Republicans have a new favorite Biden nominee to attack — here's why their attacks are bogus

Kristen Clarke, President Joe Biden's nominee for assistant attorney general for the U.S. Department of Justice's Civil Rights Division, has become a major target of far-right politicians and pundits — who are slamming her over a 1994 controversy dating back to her days as president of the Black Student Union at Harvard University and mischaracterizing the events of 27 years ago. And Clarke is vigorously defended in recent articles by former U.S. District Judge Shira Scheindlin and the New York Times' Farah Stockman.
Clarke was only 19 when, in 1994, the late Wellesley College professor Tony Martin offered to speak at Harvard — and Clarke accepted his invitation, unaware that he had recently written an anti-Semitic book titled "The Jewish Onslaught." Clarke never expressed any sympathy for Martin's views, and according to conservative Washington Post columnist Jennifer Rubin — another Clarke defender — she was happy to meet with Jewish student leaders on campus and discuss their concerns about anti-Semitism.
Scheindlin, who heads the Board of the Lawyers' Committee for Civil Rights Under Law and spent 22 years a U.S. district judge for the Southern District of New York, believes that the "allegations against" Clarke are "nonsense" and that there is no reason to believe that she is anti-Semitic as some far-right pundits are claiming.

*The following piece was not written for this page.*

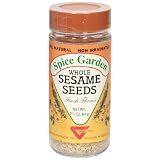 Spice Garden Sesame Seed, Whole, 2.5-Ounce Jar (Pack of 8)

In an op-ed published by Newsweek this week, Scheindlin declares, "A dangerous smear campaign has been launched in an effort to spread misinformation about Ms. Clarke, her values and her record. It cannot be allowed to succeed…. The attack on Ms. Clarke trots out the old and worn trope that she is an anti-Semite, a scurrilous charge totally lacking in merit that has nonetheless been spreading in certain circles."

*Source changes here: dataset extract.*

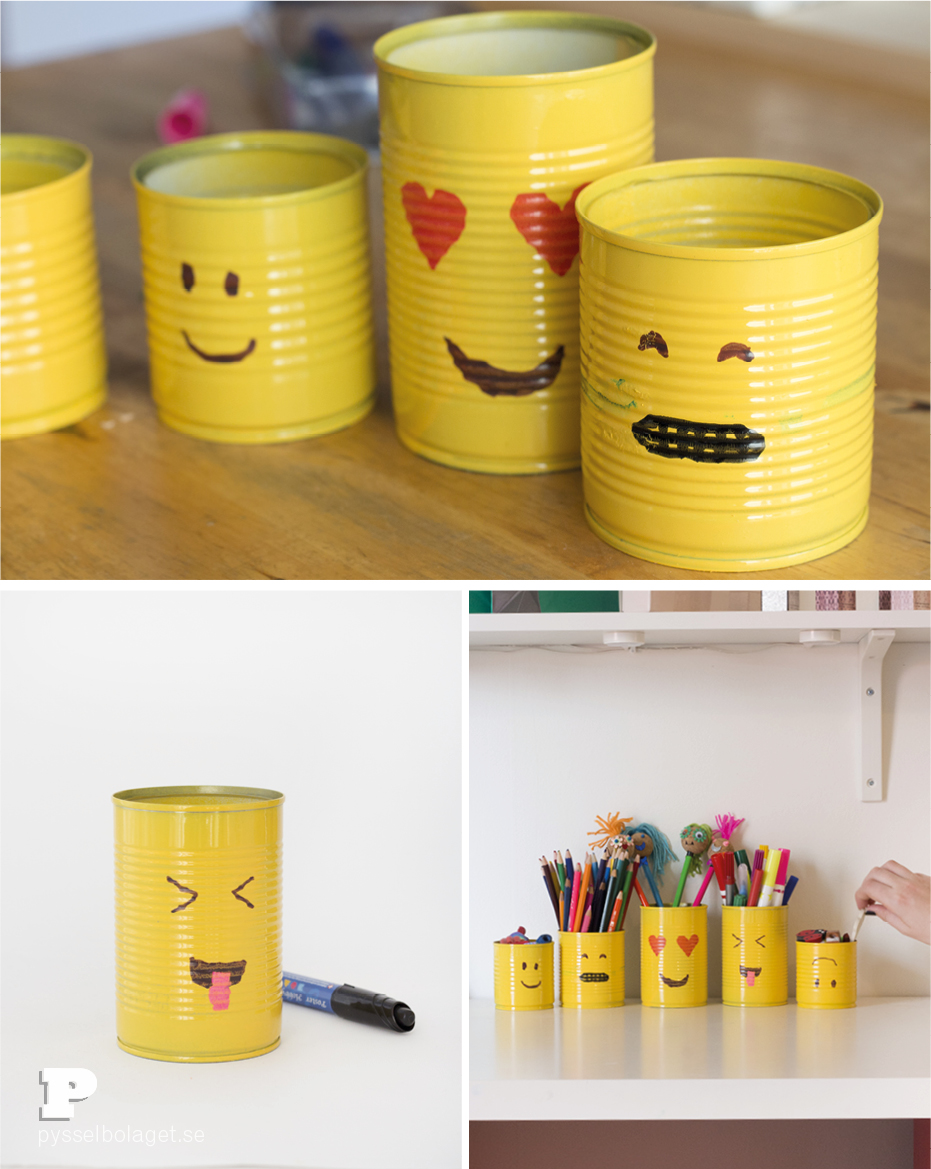 Emoji pencil holder 5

Clarke, Scheindlin notes, recently told The Forward, a Jewish publication, that she "100%... unequivocally denounce(s) anti-Semitism." And Clarke said of Martin, "Giving someone like him a platform, it's not something I would do again."

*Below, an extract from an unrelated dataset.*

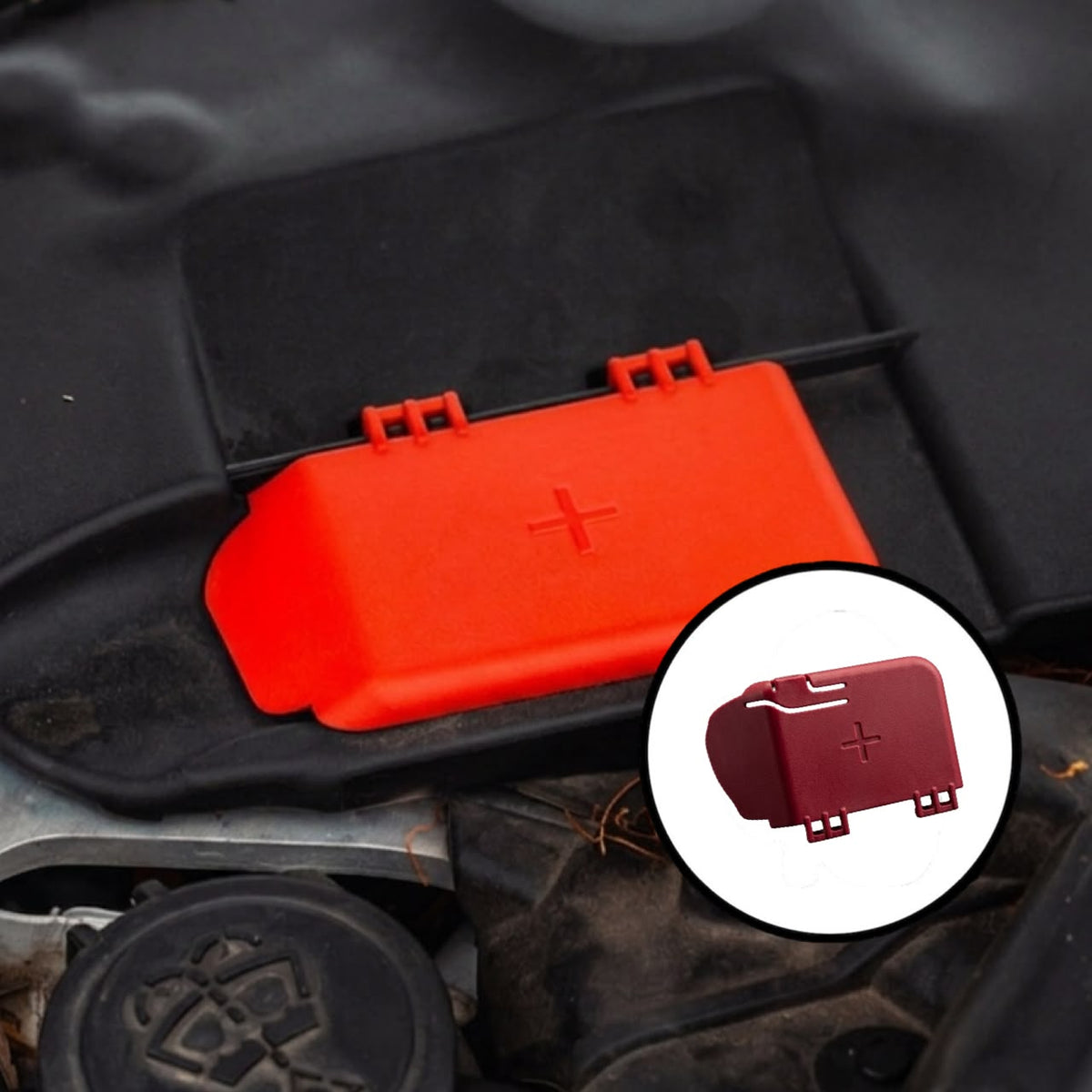 BMW F30/31/32 Kutup Başı Kapağı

Scheindlin goes on to say that not only is Clarke not an anti-Semite, but also, she has a long civil rights resumé that includes working with the NAACP Legal Defense Fund and serving as president of the Lawyers' Committee for Civil Rights Under Law.
"In each of these positions," Scheindlin writes, "she led efforts to guarantee voting rights, educational opportunities, religious freedoms and accommodations, and to ensure a fair and just criminal justice system for all Americans. She has fought to ensure equal opportunities for all marginalized communities, including immigrants, sexual assault victims, LGBTQ+ citizens, and low-income Americans."
One of the far-right pundits who has been smearing Clarke is Fox News' Tucker Carlson, and Stockman — in a New York Times op-ed published this week — explains why his attacks are so misleading.
Carlson, Stockman notes, has said that Clarke was "the president of the 'Black Studies Association' at Harvard in the 1990s, as if she'd been a professor. In fact, she'd been the 19-year-old president of the Black Students Association."
Discussing the Tony Martin controversy of 1994, Stockman writes, "It's true that his visit offended many Jewish students — Professor Martin was known at the time for promulgating the theory that Jews played a dominant role in the slave trade. Ms. Clarke has since admitted that the invitation was a mistake. And she's gone on to have an impressive career fighting for religious freedom for Jews. From 2011 to 2015, she led the civil rights bureau at the office of the New York attorney general, Eric Schneiderman, where she spearheaded a religious-rights initiative that ensured that Jewish employees could observe the Sabbath and other holy days."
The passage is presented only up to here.